In assessing the effectiveness of the supervisory regime, it is also important to understand the culture of the organisation and the different levels of industry engagement. IFSRA's relationship with banks appeared to me to operate at two levels: at a frontline level with BSD and at a senior executive level. Senior banking executives had direct contact with senior executives in IFSRA, often without the knowledge of, not to say engagement with, supervisory staff. Staff were regularly requested by senior IFSRA executives to review decisions or issues based on these discussions, or were told by contacts in banks that the issues had been or would be discussed with our senior executives. To me, at its most benign, this indicated a disconnect between BSD and senior IFSRA executives. I believe it also signalled a manifest lack of support for staff, undermining them in their dealings with banks.

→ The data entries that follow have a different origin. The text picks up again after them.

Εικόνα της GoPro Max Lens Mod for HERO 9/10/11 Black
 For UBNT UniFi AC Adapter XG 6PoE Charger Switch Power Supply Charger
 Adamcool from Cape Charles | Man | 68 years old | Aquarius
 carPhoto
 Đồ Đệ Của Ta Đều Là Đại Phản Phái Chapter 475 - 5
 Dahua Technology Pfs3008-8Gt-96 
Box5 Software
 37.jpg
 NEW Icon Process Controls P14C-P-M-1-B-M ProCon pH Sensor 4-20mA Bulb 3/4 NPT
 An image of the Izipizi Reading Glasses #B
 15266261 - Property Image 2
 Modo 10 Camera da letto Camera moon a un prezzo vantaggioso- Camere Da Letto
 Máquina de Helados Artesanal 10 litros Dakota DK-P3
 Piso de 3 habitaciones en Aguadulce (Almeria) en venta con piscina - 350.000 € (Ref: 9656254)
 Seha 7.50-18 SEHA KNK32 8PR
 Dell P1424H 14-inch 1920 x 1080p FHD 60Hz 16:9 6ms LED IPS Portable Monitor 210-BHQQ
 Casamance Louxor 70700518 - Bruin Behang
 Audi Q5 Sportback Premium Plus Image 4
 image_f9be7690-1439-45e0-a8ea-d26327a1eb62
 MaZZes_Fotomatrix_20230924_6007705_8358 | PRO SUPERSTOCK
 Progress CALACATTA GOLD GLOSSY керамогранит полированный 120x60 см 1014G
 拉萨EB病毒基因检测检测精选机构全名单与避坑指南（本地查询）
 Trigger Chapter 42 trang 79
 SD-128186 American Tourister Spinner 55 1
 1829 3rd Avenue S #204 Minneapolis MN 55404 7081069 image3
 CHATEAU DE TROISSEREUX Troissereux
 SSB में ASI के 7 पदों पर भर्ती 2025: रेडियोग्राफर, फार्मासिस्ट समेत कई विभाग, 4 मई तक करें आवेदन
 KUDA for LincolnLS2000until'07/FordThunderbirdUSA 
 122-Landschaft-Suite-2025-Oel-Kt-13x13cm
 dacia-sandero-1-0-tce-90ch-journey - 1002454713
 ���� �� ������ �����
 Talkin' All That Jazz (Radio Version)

In terms of any linkage between macro-economic and prudential policy, when working in BSD, I saw no evidence of a strong link in that regard. Given the demands placed on resources, as a result of the implementation of CRD, at some time prior to my arrival in BSD, a decision was taken that the department would cease to be actively involved in work relating to the financial stability review. However, this would have been in the knowledge that the relevant economic department within the Bank had access to data regarding individual banks. The financial stability committee was a formal structure for co-operation between IFSRA and the bank on financial stability-related issues. However, the main focus of meetings tended to be on drafting of economic articles and publications.
In terms of prudential policy, IFSRA took a number of policy measures aimed at strengthening the regulatory framework, including the introduction of liquidity requirements. In implementing options and discretions, under the CRD, it took a conservative approach to the exercise of discretions in relation to property-related lending. The proposals on all options and discretions were subject to a public consultation in October 2006. In addition, the Governor of the Central Bank confirmed that the proposals represented the best that could be achieved in the circumstances. While these interventions can now be seen to have been insufficient, it is worth noting that IFSRA was the only public authority which took measures to try and cool the property-related lending.
Further detail on these and other lines of inquiry is provided in my written statement. In addition, I have not dealt with the specifics of the regulatory framework and supervisory arrangements as I am aware the Central Bank has provided significant detail on these to the inquiry. Again, thank you for the opportunity to make this opening statement. I hope it is useful in providing additional background and context on the wider issues under consideration by the inquiry.